Eugene Underwood, New York City (R. Arthur Jett, Norfolk, Va., and H. Barton Williams, New York City, on the brief), for appellants.
John F. Gerity and Hugh S. Meredith, Norfolk, Va. (William E. Fuller, Washington, D.C., on the brief), for appellees.
Before SOBELOFF, Chief Judge, BOREMAN, Circuit Judge, and HARRY E. WATKINS, District Judge.

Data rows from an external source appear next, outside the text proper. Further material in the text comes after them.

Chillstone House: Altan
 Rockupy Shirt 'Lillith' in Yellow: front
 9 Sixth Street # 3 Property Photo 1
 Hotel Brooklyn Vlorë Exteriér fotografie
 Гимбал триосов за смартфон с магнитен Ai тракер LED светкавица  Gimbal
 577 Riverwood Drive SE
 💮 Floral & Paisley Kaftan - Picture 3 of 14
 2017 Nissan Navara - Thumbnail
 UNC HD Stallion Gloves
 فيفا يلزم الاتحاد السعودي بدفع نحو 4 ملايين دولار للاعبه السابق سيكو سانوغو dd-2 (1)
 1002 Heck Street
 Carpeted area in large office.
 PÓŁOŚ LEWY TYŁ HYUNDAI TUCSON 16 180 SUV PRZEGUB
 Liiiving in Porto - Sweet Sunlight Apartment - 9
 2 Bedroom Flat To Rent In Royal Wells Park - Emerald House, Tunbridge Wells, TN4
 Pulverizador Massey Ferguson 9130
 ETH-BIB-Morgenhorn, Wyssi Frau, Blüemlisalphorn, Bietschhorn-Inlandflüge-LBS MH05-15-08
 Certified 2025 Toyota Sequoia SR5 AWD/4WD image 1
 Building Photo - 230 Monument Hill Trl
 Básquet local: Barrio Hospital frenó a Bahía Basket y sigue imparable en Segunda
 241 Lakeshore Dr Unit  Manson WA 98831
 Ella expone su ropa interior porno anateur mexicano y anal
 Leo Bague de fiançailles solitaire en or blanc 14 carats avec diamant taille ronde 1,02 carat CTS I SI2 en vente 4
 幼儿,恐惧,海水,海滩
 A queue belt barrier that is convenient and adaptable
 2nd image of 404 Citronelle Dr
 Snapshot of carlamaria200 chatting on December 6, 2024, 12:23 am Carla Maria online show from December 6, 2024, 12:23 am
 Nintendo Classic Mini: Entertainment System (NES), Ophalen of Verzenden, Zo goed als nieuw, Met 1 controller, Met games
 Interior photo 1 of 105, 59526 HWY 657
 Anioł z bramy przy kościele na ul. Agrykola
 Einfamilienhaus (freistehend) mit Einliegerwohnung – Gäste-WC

On the evening of March 24, 1957, at approximately 2021 hours, during darkness and clear weather, with visibility good, wind moderate and tide ebb, a collision occurred between the Steamships Moisie Bay and Audrey in the vicinity of the approach to the Maryland Pilot Station off Cape Henry, Virginia. In separate libels each vessel charged that the collision was attributable wholly to the fault or negligence of the other. The proceedings were consolidated and the District Court for the Eastern District of Virginia held the Audrey solely at fault. The facts, as found, and the District Court's conclusions are fully disclosed in its opinion and supplemental memorandum.1
It is well settled that, on review of the judgment of the District Court sitting in admiralty without a jury, this court should not disturb findings unless clearly erroneous, that is, unless on the entire evidence we are left with the definite and firm conviction that a mistake has been committed. McAllister v. United States, 1954, 348 U.S. 19, 75 S.Ct. 6, 99 L.Ed. 20. Entertaining no such conviction here and being of the opinion that the trial judge correctly interpreted and applied the law, we affirm.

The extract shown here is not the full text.